[Caption-style text data]
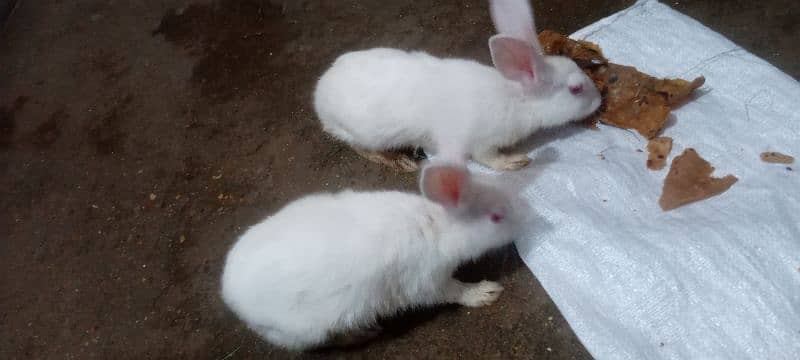 2 white Rabbits Female 1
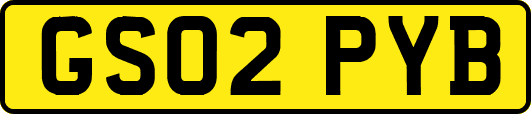 GS02PYB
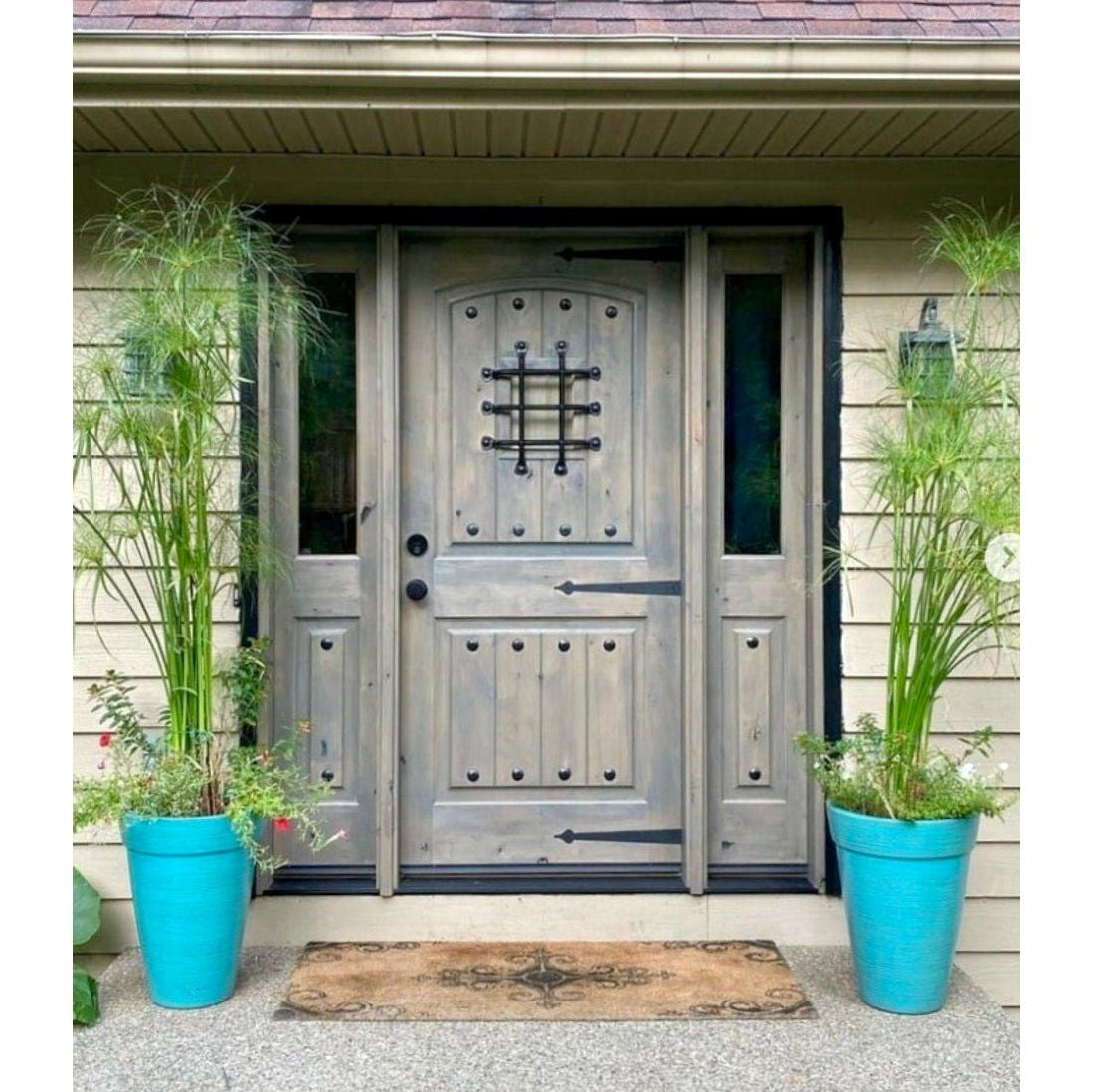 Mediterranean Knotty Alder Arch Top Speakeasy Exterior Door - Krosswood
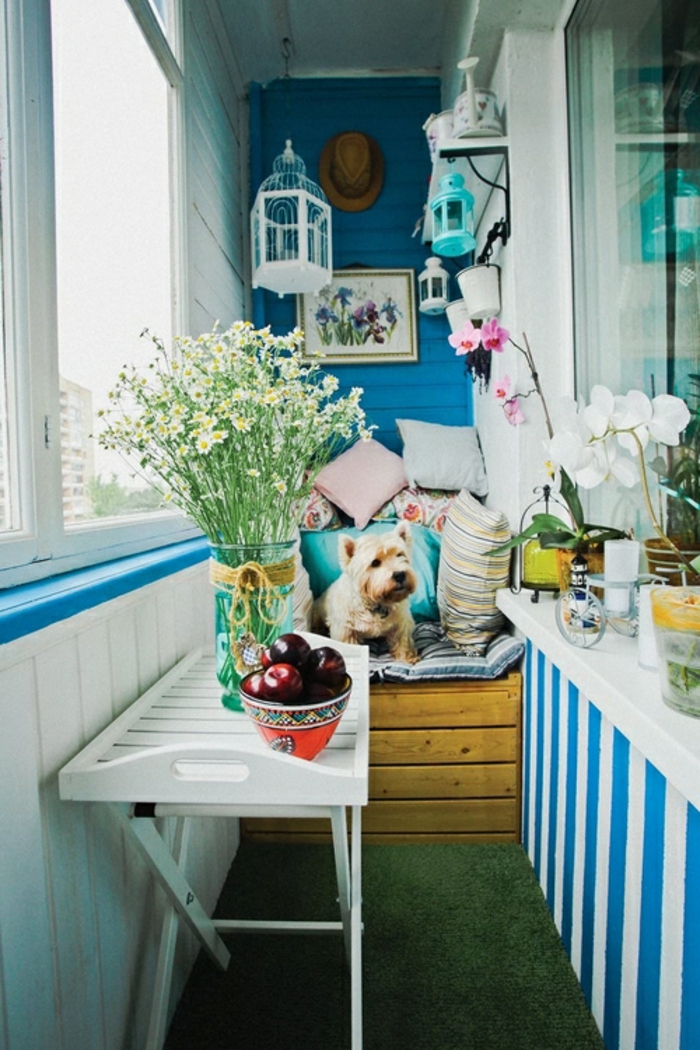tarrazas pequeñas, balcón en blanco y azul con césped artificial, sillón con cojines y perro, jarrón on flores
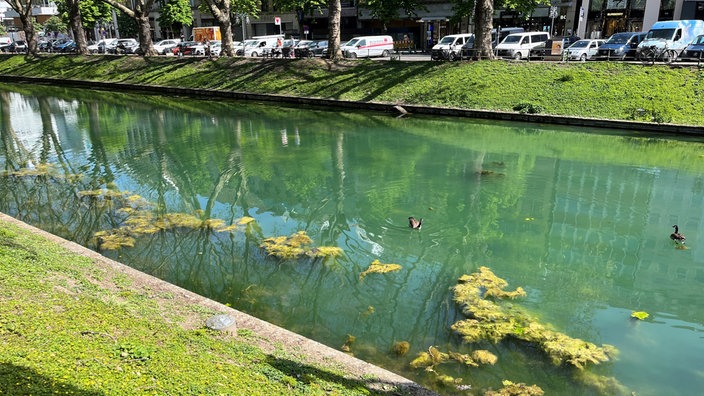 In dem Graben auf der Düsseldorfer Königsallee ist türkises Wasser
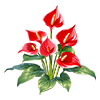 Red Flamingo Flower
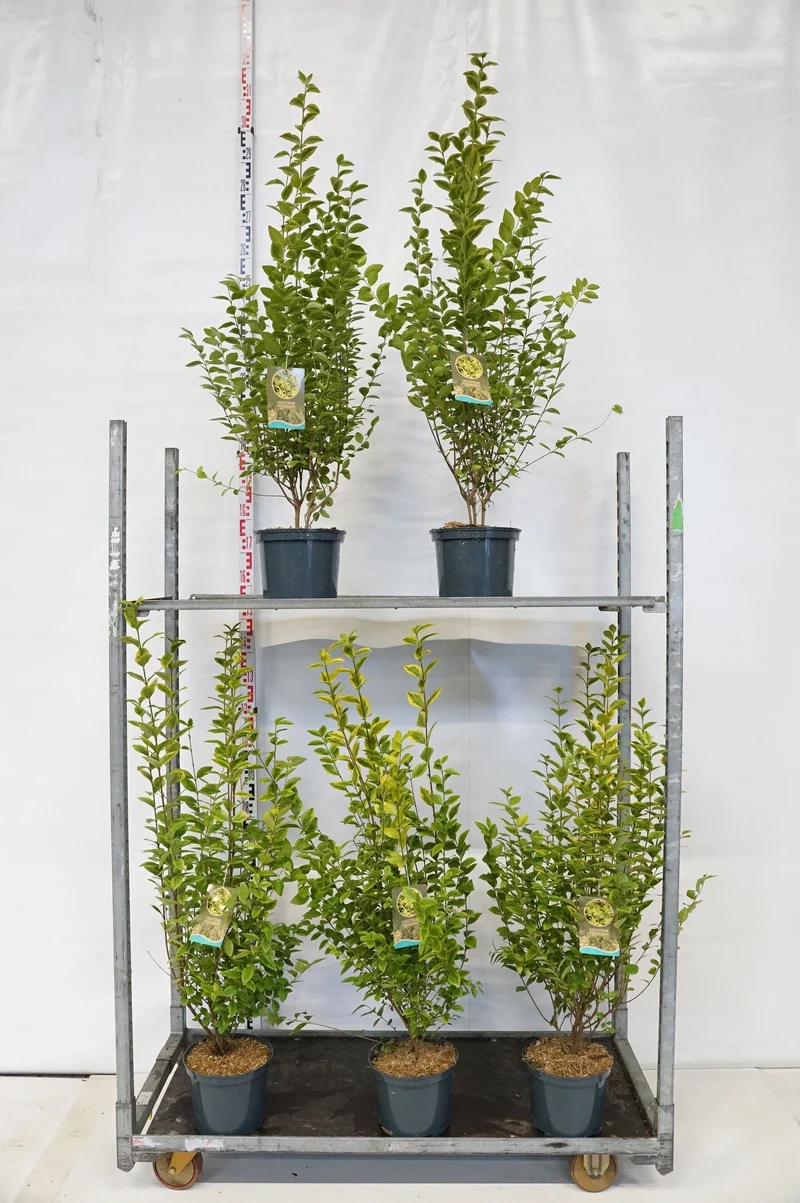 Ligustrum vulg. 'Aureum' C5 (5 liters kruka) 80-100 cm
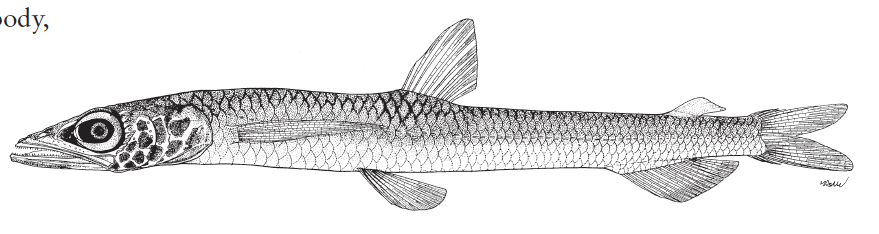 Scopelosaurus smithii, Fewraker Paperbone. Source: FAO 2020.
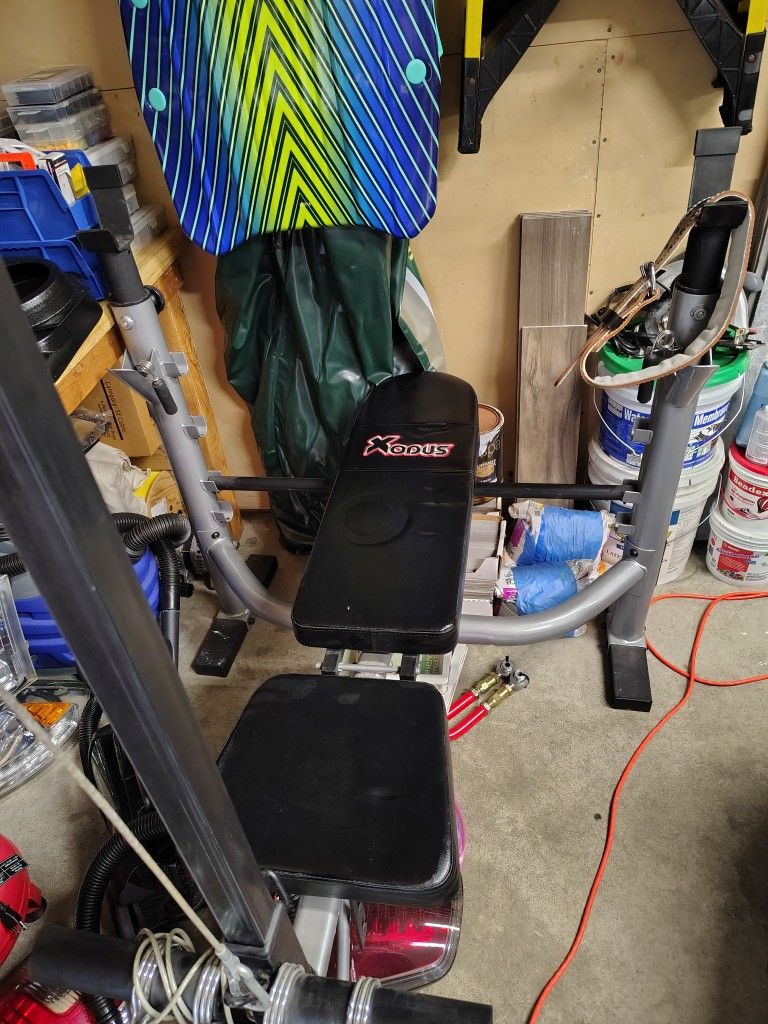 Weight Bench 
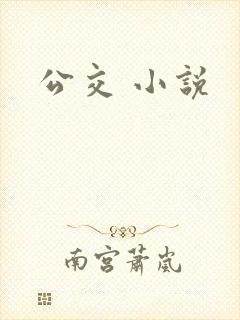 公交 小说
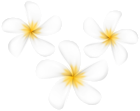 Exotic Flowers PNG Transparent Clipart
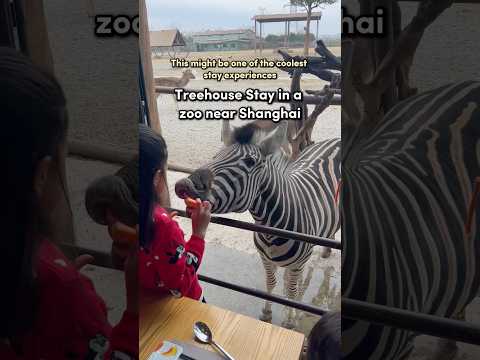 Nantong Sendi Treehouse Hotel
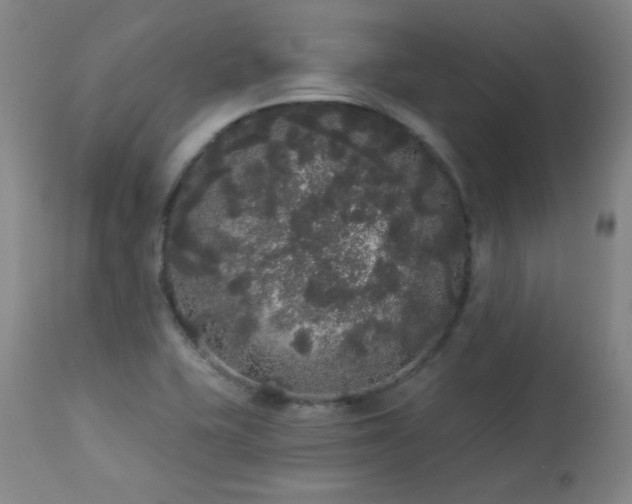 X0000113981415200910021125
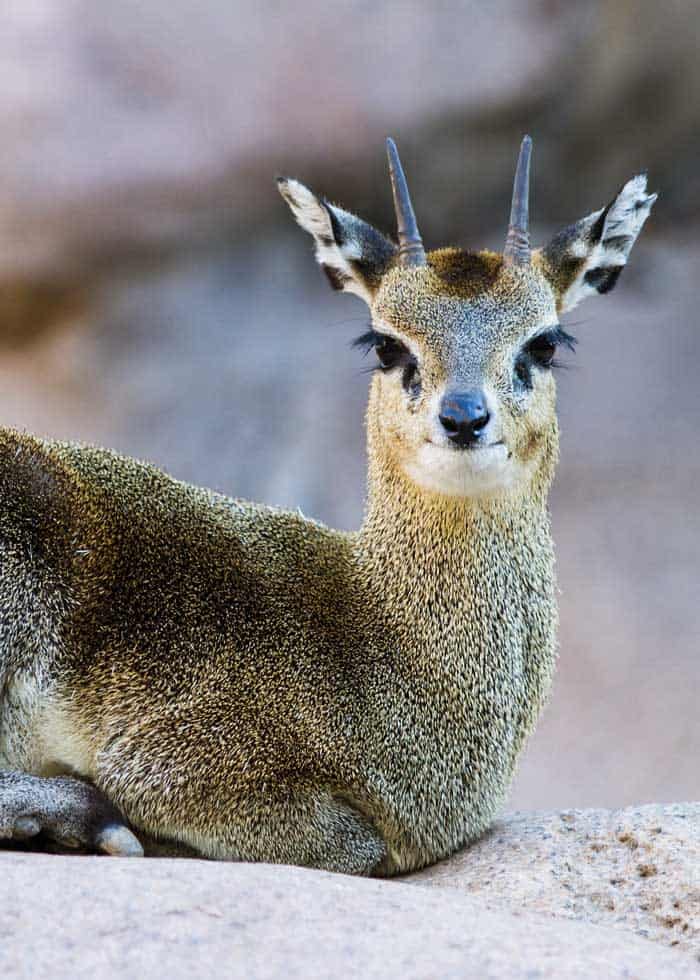 klipspringer small antelope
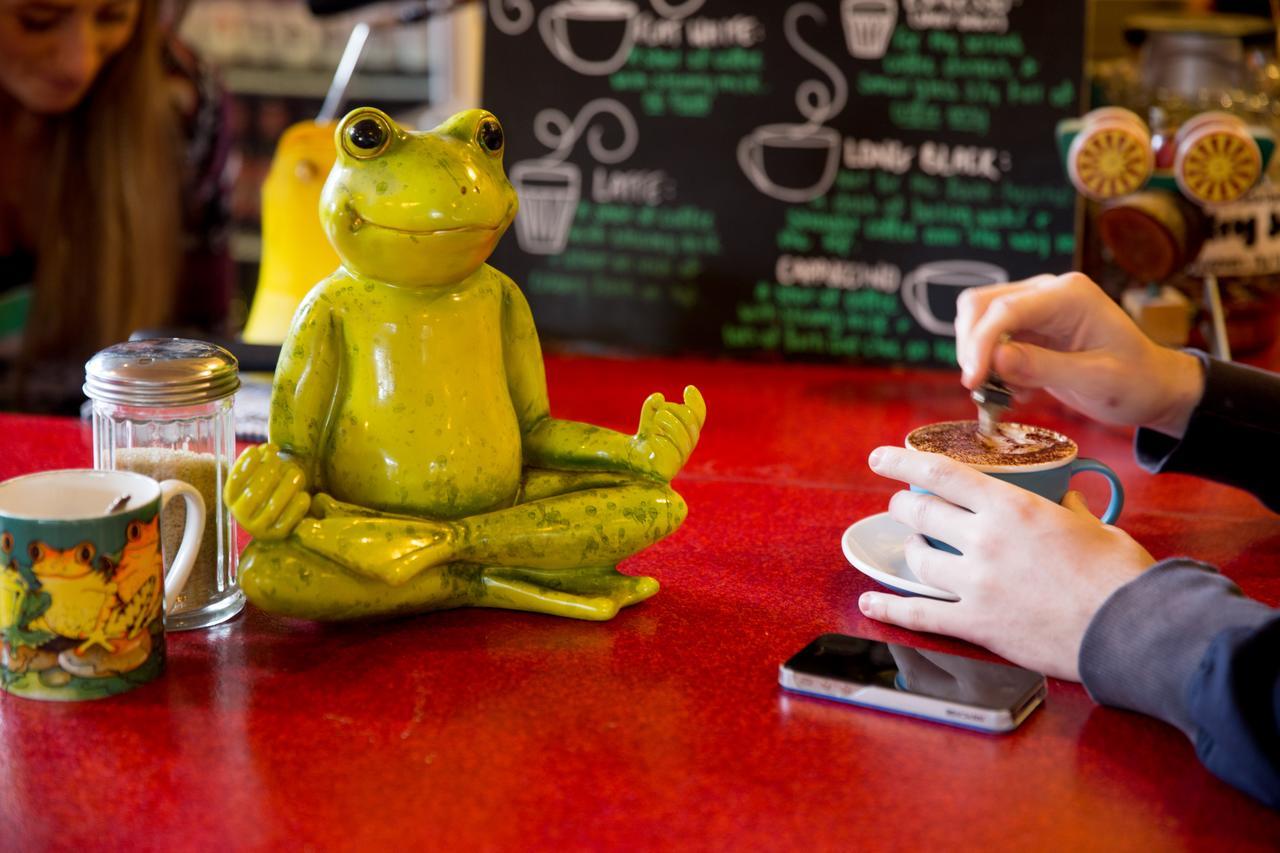 הוסטל הובארט The Pickled Frog מראה חיצוני תמונה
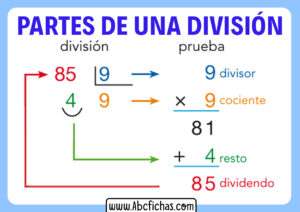 Partes de una division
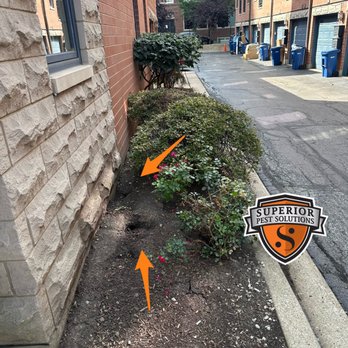 Superior Pest Solutions - Don't let rodents destroy your landscape. This is what it will look like when rodents start nesting in your property. - Pest Control Near Me - Chicago, Illinois Superior Pest Solutions - Don't let rodents destroy your landscape. This is what it will look like when rodents start nesting in your property. - Pest Control Near Me - Chicago, Illinois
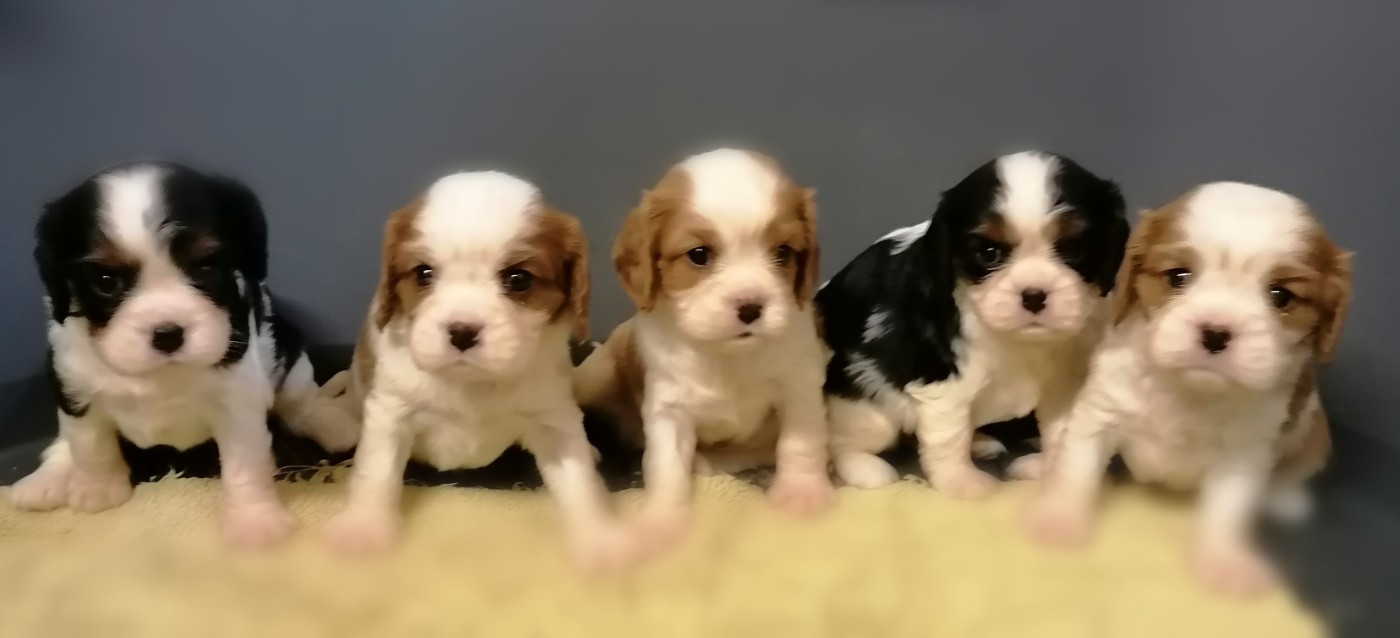 D'Ez Mortes Terres - Chiots disponibles - Cavalier King Charles Spaniel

[What you need to do]
Retype the records above line for line and exactly, omitting their pictures.

[Answer area]
 2 white Rabbits Female 1
 GS02PYB
 Mediterranean Knotty Alder Arch Top Speakeasy Exterior Door - Krosswood
tarrazas pequeñas, balcón en blanco y azul con césped artificial, sillón con cojines y perro, jarrón on flores
 In dem Graben auf der Düsseldorfer Königsallee ist türkises Wasser
 Red Flamingo Flower
 Ligustrum vulg. 'Aureum' C5 (5 liters kruka) 80-100 cm
 Scopelosaurus smithii, Fewraker Paperbone. Source: FAO 2020.
 Weight Bench 
 公交 小说
 Exotic Flowers PNG Transparent Clipart
 Nantong Sendi Treehouse Hotel
 X0000113981415200910021125
 klipspringer small antelope
 הוסטל הובארט The Pickled Frog מראה חיצוני תמונה
 Partes de una division
 Superior Pest Solutions - Don't let rodents destroy your landscape. This is what it will look like when rodents start nesting in your property. - Pest Control Near Me - Chicago, Illinois Superior Pest Solutions - Don't let rodents destroy your landscape. This is what it will look like when rodents start nesting in your property. - Pest Control Near Me - Chicago, Illinois
 D'Ez Mortes Terres - Chiots disponibles - Cavalier King Charles Spaniel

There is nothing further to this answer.